# What's your favourite aquascape 2015?



## LondonDragon (27 Dec 2015)

The title says all, post a photo of your favourite aquascape and why!! Can be from a UKAPS member or not.

Cheers
Paulo


----------



## Andy D (27 Dec 2015)

This is really tough! There are so many aquascapes to choose from. I will stick to UKAPS to narrow down the field.

My choice comes down to it being a brilliant aquascape (of course) with great attention to detail. 

The_Iceman






Journal - 60P - A Brief Crack of Light
http://www.ukaps.org/forum/index.php?threads/60P---A-Brief-Crack-of-Light.37869/


----------



## Andy D (30 Dec 2015)

Anyone else got a favourite?


----------



## parotet (30 Dec 2015)

Mine is this one:





I love some of the tanks in UKAPS but I have seen today my first giant Amano tank in Lisbon

Jordi


----------



## EvitaL (30 Dec 2015)

I think mine has to be Mr. Teapots Green Pekoe Pond from Ukaps  I read his journal about three times from start to finish.

Lähetetty minun GT-I9305 laitteesta Tapatalkilla


----------



## parotet (30 Dec 2015)

EvitaL said:


> I think mine has to be Mr. Teapots Green Pekoe Pond from Ukaps  I read his journal about three times from start to finish.
> 
> Lähetetty minun GT-I9305 laitteesta Tapatalkilla


Yup... Great one!

Jordi


----------



## tim (30 Dec 2015)

My favourite of the year http://www.ukaps.org/forum/threads/stus-120x45x45-tank-sponsored-by-tropica.36083/
Great to see stu worrall back in the top 100.


----------



## Konrad Michalski (30 Dec 2015)

My vote for Mr. Takayuki Fukada 2015's IAPLC winner


----------



## Derek113 (30 Dec 2015)

parotet said:


> Mine is this one:
> 
> View attachment 79648
> 
> ...



At first glance it looks photo shopped. I know its not but the guy in the photo gives a bad illusion.


----------



## flygja (31 Dec 2015)

I don't think I can choose... please don't make me choose!!


----------



## parotet (31 Dec 2015)

Derek113 said:


> At first glance it looks photo shopped. I know its not but the guy in the photo gives a bad illusion.

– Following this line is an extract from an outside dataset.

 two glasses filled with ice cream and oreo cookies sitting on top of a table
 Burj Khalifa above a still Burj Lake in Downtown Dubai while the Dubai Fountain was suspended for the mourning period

Yup, the room is completely dark... Good trick to make you see a brighter aquarium (which is actually low light planted tank) and sharp colors. The very white La Plata sand also helps in this illusion. No photoshop, just raw shots from my phone. I would say that the automatic shot adjustment did a good job and it really looks this way

Jordi


----------



## zozo (31 Dec 2015)

I can't deside, to many favorites for me..


----------



## LondonDragon (3 Jan 2016)

parotet said:


> Mine is this one:


It sure was my highlight of 2015! Has to be seen to take it all in! Lost myself there for hours!


----------



## Derek113 (3 Jan 2016)

This ones my favorite.


----------